Les partenaires ont 4 ans pour développer une filière industrielle de nouveaux composants électroniques de puissance

Officiellement lancé le 18 janvier dernier, le projet G²REC* auquel participe le LMP, a un objectif clair et ambitieux : développer une filière industrielle de composants électroniques de puissance permettant une meilleure gestion de l’énergie électrique. Un enjeu de poids quand on sait que les économies d’énergie qui pourraient en découler correspondent à la production de plusieurs centrales électriques.

L'IDEE ?
Remplacer les composants actuels en Silicium présents dans tous les équipements électriques industriels ou domestiques (bureautique, audio et vidéo, électroménager, contrôle des moteurs, etc.), par des composants réalisés en nitrure de gallium (GaN) et carbure de silicium (SiC). Ces deux matériaux semi-conducteurs dits à grand « Gap», présentent des caractéristiques intrinsèques qui leur confèrent des propriétés plus adaptées que le silicium au fonctionnement des équipements électriques, en température et en haute tension (secteur 220V & 380V).

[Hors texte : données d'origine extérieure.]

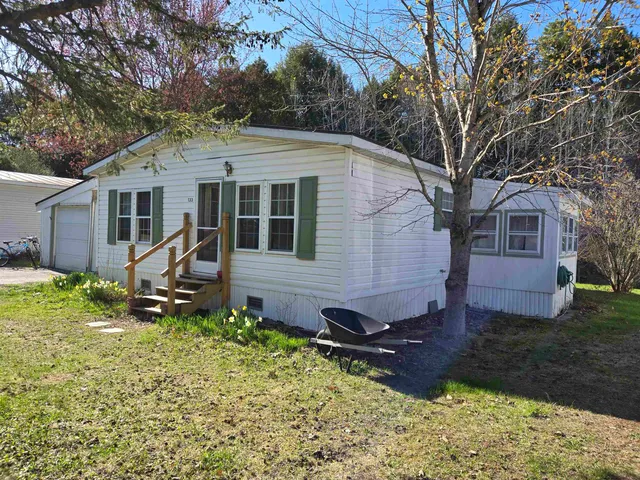 $99,995 | 133 Willow Circle, Hartford, VT 05001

Concrètement, leur utilisation se traduira par une baisse des pertes d'énergie qui, multipliée par des centaines de millions d'équipements électriques, génèrera des économies d'énergie équivalentes à la production de plusieurs centrales électriques. Le programme G²REC rejoint ainsi l'objectif de l'Union Européenne de réduire de 20 % notre consommation d'énergie d'ici à 2020.


LE DEFI ?

Développer de nouveaux procédés d'élaboration de matériaux en nitrure de gallium et carbure de silicium qui permettent de généraliser leur usage.

De fait, aujourd'hui, leur fabrication est beaucoup plus complexe et coûteuse que celle du silicium. Leur utilisation est donc limitée à la production de plaquettes de petite taille (10 cm de diamètre) conduisant à des composants 5 à 10 fois plus chers que leurs équivalents en silicium.

 

Au sein du programme G²REC, les partenaires vont tenter d'obtenir de fines couches de ces matériaux sur des substrats de silicium. Ce qui permettra de profiter des performances exceptionnelles du nitrure de gallium et du carbure de silicium tout en conservant un faible prix de revient dû à l'utilisation du substrat de silicium.

 

L'objectif est de parvenir à produire :

- des plaquettes de matériaux nouveaux à faible coût ;

- des composants de puissance utilisant ces matériaux nouveaux qui se substitueront progressivement à certains des composants actuels utilisant uniquement le silicium. Ils    permettront également de trouver d'autres applications aux composants de puissance en intégrant des fonctionnalités nouvelles.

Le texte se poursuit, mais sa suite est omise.